Are fundamental forces, forces or net forces?

The electrostatic force or the electric field (force per unit of charge) is the force the charges feel. It's not the net force of many forces, since it's the only force.

A force field is a function from the space variables (points in space) which returns the force (in the form of a vector) at that point. The other points in space, where the charge isn't, aren't feeling any "force", nor those "forces" aren't having any effect in the charge. The field is just a construction for representing the (net, if there is more than 1 charge) electric force at each point.

The force between two point charges IS defined as a single force acting along the line joining them , but that between two distributions of point charges or one distribution and one point charge is a Net force according to the superposition principle. Because we can not break the smallest force between two point charges to a sum of other elementary forces , since we already assumed that it is a point charge and that its dimensions are very small, at least in theory.
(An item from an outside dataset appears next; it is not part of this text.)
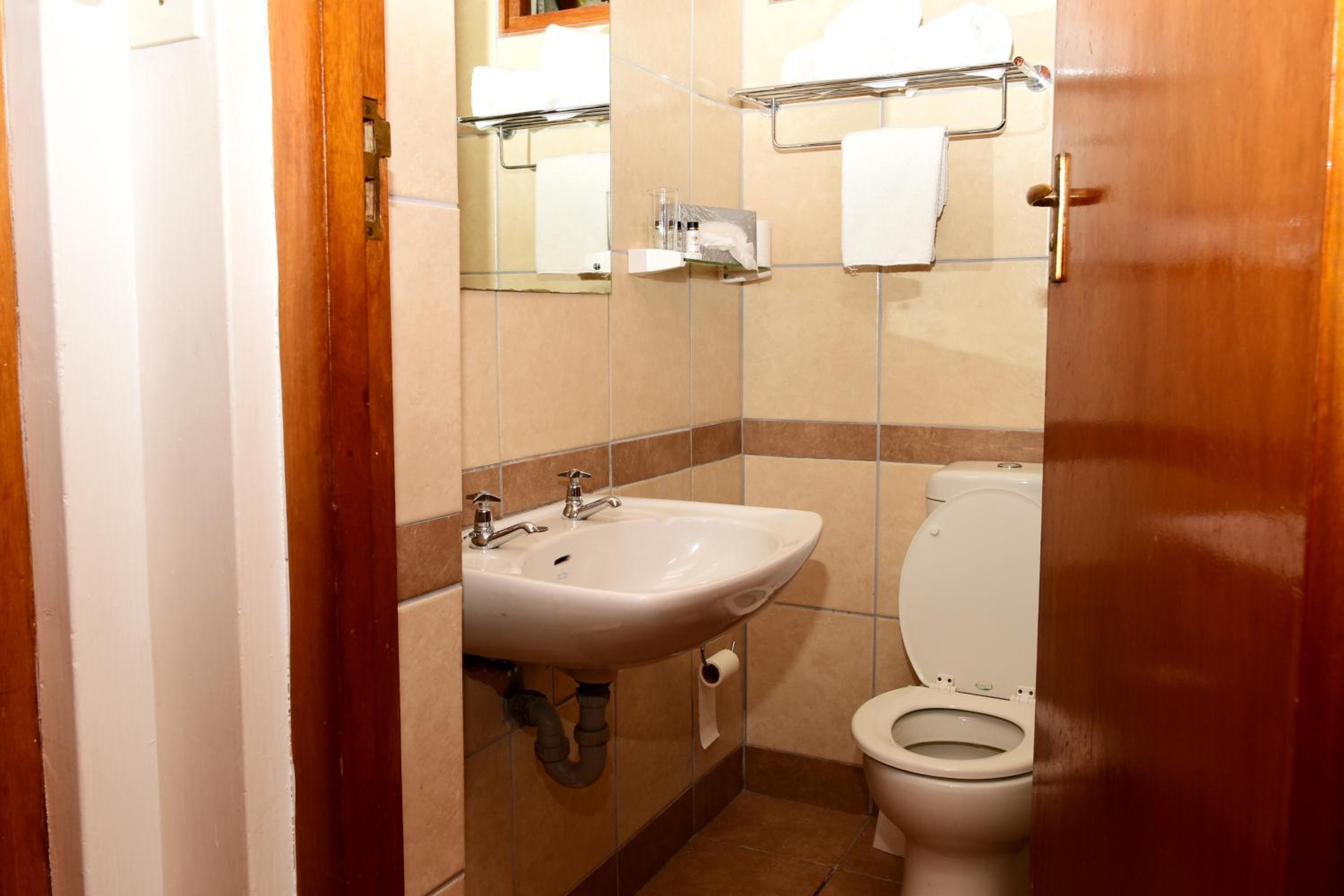  Double Room without Balcony photo 2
I hope I answered your question.

Thinking about it again, your interpretation is actually a little interesting as an intuitive explanatory picture. It is a (not often discussed, as far as I know) corollary of the shell theorem that results when you combine it with Newton's laws, particularly the third law.
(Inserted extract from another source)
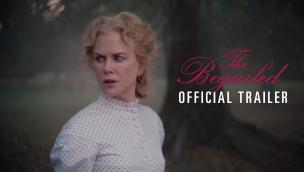 Trailer The Beguiled
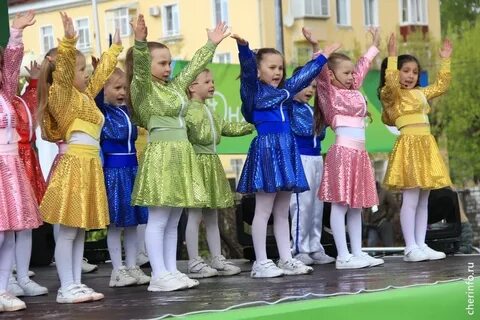 Победа детский череповец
Newton's third law says that every force has an equal reaction force. Thus, when we integrate over a spherically symmetric shell as in the shell theorem, we can similarly be integrating over this reaction force (i.e. the force on that point of the shell due to the external charge). We're able to translate these reaction forces to the center of the sphere, because:

  1. Each force has partner on the other side of the axis that connects the sphere's center to the external particle, so we can translate these forces to that axis without changing the torque on the rigid spherical body.
  2. Once the forces are on the central axis, and cancel with their partner, it is clear they do not torque the axis of symmetry, so we can translate them across the axis to the center of the sphere.

These forces will add in superposition, and the result, by Newton's third law, is that the force on the shell equals the Coulombic force imparted on the external charge, but in the opposite direction, exactly as if the shell were a point charge located at the center.

The important thing is that the shell isn't made to spin, or anything. (Although that is a simple consequence of $\nabla\times\mathbf{E}=0$.)

Once you add a bunch of external charges outside, this simple view still holds in superposition.

So this shows that you can think about the classical electrostatic force as a net force, as long as that force acts on a spherically symmetric charge distribution with the same total charge as the point charge, and all external charges are outside the radius of that ball.

Intuitive Explanation

Let's look back at your picture, and the above connects with an intuitive picture of the field lines.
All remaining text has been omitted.